(Crawled caption data)
=== Begin Enclosure ===
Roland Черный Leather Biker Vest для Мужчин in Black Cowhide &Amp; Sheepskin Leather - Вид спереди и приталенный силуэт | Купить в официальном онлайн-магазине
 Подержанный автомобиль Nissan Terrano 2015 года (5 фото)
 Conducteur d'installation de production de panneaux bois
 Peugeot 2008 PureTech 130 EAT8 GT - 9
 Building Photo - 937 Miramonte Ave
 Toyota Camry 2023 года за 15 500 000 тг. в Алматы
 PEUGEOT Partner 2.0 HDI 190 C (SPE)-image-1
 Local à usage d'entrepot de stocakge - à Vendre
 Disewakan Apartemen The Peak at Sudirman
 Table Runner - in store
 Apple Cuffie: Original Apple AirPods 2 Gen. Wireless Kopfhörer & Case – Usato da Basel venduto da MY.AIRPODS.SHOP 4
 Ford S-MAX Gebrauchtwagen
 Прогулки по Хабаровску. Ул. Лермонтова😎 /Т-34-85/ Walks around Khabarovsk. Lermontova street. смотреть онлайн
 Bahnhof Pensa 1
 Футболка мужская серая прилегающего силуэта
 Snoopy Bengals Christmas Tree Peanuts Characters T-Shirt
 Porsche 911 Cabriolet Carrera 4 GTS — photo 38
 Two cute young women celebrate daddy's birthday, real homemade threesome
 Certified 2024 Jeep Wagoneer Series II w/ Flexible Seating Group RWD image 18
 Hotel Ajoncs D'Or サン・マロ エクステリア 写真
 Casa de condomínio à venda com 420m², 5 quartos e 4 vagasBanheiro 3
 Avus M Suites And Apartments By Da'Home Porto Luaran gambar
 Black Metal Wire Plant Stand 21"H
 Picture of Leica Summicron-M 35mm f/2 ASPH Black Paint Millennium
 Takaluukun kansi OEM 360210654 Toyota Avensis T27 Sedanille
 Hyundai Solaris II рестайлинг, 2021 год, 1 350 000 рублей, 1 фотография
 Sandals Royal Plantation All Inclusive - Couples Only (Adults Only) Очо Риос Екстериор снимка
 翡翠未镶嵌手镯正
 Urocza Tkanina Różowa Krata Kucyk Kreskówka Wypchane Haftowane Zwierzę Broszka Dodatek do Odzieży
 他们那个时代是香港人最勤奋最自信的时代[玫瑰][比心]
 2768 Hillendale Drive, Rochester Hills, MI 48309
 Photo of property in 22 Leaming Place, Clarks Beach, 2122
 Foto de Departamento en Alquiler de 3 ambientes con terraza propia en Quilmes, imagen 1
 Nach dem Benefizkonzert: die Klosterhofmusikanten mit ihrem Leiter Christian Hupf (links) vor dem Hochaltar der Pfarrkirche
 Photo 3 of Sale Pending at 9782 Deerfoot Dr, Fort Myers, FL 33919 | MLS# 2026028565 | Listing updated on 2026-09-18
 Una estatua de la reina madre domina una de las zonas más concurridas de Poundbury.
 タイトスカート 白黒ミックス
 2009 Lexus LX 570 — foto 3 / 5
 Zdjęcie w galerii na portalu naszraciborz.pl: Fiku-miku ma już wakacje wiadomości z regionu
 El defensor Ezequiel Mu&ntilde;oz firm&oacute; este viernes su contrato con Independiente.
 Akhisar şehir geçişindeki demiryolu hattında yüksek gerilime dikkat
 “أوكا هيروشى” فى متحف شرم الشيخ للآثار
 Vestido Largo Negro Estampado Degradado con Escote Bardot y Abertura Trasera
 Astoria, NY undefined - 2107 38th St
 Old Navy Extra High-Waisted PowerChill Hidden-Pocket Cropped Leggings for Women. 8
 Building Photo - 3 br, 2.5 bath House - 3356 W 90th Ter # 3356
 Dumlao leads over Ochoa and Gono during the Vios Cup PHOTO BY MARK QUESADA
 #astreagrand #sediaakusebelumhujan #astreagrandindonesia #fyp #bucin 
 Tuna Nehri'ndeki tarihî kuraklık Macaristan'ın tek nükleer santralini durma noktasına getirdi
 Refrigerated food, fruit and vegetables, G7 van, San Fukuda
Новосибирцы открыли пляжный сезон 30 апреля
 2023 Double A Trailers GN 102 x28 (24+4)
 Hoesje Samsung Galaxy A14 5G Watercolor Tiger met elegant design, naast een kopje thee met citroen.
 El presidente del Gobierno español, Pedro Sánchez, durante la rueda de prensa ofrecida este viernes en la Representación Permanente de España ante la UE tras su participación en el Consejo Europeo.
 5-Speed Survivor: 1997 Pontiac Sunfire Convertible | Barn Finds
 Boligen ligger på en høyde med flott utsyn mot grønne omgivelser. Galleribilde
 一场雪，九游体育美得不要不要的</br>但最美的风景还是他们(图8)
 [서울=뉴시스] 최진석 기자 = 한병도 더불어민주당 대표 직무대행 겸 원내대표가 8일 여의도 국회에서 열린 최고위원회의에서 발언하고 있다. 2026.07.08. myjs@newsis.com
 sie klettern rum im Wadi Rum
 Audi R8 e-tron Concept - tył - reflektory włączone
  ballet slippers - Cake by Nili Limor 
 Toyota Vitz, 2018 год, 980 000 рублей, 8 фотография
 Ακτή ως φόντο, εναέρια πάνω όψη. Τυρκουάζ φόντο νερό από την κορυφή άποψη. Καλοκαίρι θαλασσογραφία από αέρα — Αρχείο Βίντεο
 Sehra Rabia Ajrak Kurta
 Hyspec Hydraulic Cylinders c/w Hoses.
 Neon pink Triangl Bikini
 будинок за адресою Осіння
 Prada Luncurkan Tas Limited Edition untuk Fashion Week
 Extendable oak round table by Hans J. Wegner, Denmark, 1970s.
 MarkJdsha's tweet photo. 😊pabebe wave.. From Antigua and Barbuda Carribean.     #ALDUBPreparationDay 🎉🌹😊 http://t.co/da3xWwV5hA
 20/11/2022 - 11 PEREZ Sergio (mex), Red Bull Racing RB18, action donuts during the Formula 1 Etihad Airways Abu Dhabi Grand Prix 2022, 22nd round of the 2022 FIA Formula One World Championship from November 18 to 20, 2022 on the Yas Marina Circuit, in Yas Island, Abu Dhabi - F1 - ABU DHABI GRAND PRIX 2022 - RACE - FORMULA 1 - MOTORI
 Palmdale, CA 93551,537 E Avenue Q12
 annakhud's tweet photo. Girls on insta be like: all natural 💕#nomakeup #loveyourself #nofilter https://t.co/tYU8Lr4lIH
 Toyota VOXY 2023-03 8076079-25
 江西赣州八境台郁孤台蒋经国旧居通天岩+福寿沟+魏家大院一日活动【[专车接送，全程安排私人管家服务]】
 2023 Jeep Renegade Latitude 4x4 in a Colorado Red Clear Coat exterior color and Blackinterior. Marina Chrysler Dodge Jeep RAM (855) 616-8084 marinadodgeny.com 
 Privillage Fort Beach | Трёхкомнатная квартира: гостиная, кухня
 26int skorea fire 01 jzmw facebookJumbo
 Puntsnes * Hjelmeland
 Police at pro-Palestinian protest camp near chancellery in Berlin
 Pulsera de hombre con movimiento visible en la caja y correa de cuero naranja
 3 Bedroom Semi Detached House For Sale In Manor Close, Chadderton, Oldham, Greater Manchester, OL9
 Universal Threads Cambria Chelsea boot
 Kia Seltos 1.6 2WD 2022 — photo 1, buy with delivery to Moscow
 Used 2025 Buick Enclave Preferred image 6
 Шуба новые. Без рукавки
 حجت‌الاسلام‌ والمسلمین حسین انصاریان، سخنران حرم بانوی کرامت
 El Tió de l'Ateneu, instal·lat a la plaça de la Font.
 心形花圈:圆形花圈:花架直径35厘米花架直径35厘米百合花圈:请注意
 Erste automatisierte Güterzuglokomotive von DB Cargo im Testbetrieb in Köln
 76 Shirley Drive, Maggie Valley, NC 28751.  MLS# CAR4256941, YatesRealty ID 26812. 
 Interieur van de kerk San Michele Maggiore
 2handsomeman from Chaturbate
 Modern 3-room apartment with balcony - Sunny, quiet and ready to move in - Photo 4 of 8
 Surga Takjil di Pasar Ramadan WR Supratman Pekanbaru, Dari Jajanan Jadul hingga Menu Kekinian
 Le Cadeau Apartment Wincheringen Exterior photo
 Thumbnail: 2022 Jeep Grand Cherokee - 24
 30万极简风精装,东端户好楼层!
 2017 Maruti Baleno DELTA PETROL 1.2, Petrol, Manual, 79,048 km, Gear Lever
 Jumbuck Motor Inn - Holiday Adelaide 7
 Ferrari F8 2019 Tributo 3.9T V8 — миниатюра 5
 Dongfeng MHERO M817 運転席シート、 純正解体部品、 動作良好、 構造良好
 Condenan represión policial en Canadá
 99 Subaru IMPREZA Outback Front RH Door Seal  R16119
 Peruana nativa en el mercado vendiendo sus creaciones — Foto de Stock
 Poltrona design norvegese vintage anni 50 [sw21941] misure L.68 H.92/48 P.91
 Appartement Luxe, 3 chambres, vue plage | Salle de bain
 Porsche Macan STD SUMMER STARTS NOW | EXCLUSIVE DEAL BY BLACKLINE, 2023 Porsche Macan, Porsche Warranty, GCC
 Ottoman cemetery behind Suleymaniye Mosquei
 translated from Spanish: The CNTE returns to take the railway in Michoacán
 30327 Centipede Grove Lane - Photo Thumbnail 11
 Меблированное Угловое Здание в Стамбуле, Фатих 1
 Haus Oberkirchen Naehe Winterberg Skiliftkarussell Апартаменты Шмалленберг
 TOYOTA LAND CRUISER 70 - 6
=== End Enclosure ===
:: Prompt ::
From the opening line of the data above, please print each line as written up to and including the line that contains "Футболка мужская серая прилегающего силуэта", and nothing more.

:: Answer to this task ::
Roland Черный Leather Biker Vest для Мужчин in Black Cowhide &Amp; Sheepskin Leather - Вид спереди и приталенный силуэт | Купить в официальном онлайн-магазине
 Подержанный автомобиль Nissan Terrano 2015 года (5 фото)
 Conducteur d'installation de production de panneaux bois
 Peugeot 2008 PureTech 130 EAT8 GT - 9
 Building Photo - 937 Miramonte Ave
 Toyota Camry 2023 года за 15 500 000 тг. в Алматы
 PEUGEOT Partner 2.0 HDI 190 C (SPE)-image-1
 Local à usage d'entrepot de stocakge - à Vendre
 Disewakan Apartemen The Peak at Sudirman
 Table Runner - in store
 Apple Cuffie: Original Apple AirPods 2 Gen. Wireless Kopfhörer & Case – Usato da Basel venduto da MY.AIRPODS.SHOP 4
 Ford S-MAX Gebrauchtwagen
 Прогулки по Хабаровску. Ул. Лермонтова😎 /Т-34-85/ Walks around Khabarovsk. Lermontova street. смотреть онлайн
 Bahnhof Pensa 1
 Футболка мужская серая прилегающего силуэта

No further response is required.